Piotr8706 commented 2 years ago

I think the second approach is better We will send you soon explanation of how to calculate persistence length based on atom positions.

kdomino commented 2 years ago

So we shall calculate entropy from the aggregated histogram over subsequent pairs of mers. I will not recommend plotting entropy over realizations, as we will lose out error calculus and will not be abbe to compare this quantity with others. But what about plotting entropy (with quartile envelopes) over pairs on angles and ions. Then we would have: \Phi_14 vs. \Psi_14 \Phi_13 vs. \Psi_13 for Na^+, Mg^2+ and Ca^2+. Then we will have 6 point on the plot for HA and 6 points on the plot for CS. So we have 2 plots with envelopes. @NKruszewska @Piotr8706 what do you think?

soycapitan commented 2 years ago

Raised PR #18 with code and placed histograms with all mers combined in the same place in gdrive for Albumin+CS6

soycapitan commented 2 years ago

I will not recommend plotting entropy over realizations

I subscribe to this point of view. Plotting anything against realisation number is in my opinion wrong as it may cause our readers to assume that our realisations are done in a particular, meaningful order and as far as I understand they are independent.

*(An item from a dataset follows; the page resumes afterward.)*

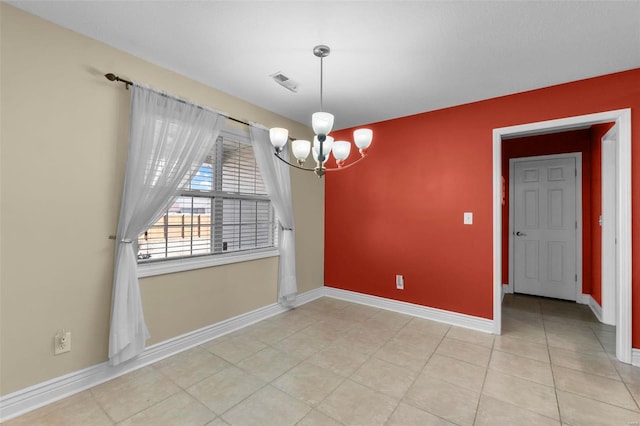 unfurnished dining area with light tile patterned floors and a chandelier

kdomino commented 2 years ago

@soycapitan if you can show us the plot I suggested for entropy for CS6, It should be helpful, thanks.

NKruszewska commented 2 years ago

@soycapitan Our realizations are in order - 001 is best docked (the greatest binding energy), 010 is worst docked. The order is by binding energy after docking. That's why I think that chart Entropy(realizations) could be ok. We can see if one parameter is somehow function of the second one. But the idea of @kdomino is also very good for me. @Piotr8706 what do you think?

kdomino commented 2 years ago

@NKruszewska if there is some difference between realizations other than the probabilistic one the situation is different. However I was told, that they differ only by the seed of RNG.

kdomino commented 2 years ago

I guess, they are reshuffled with respect to binding energy. If so, we need also to plot binding energy values and make a discussion on it. Still, we lose the probabilistic analysis there, and we can not compare two values as we do not know what is the error of estimation.

NKruszewska commented 2 years ago

I believe that they are sorted via binding energy. @Piotr8706 are they?

@kdomino I can't understand why we can't compute errors? Could you explain it? I though that It is the same situation like previous but we only don't distinguish if the Psi1-4 is inside 1 mer of inside 5 mer. We treat all Psi1-4 as the same angle because it is between the same kind of atoms.

kdomino commented 2 years ago

@NKruszewska right, but we did 10 or 12 realizations to have the quantile envelope of entropy. Hence if we plot entropy over realizations we can not have these envelope, that was used to estimate the error. I am right?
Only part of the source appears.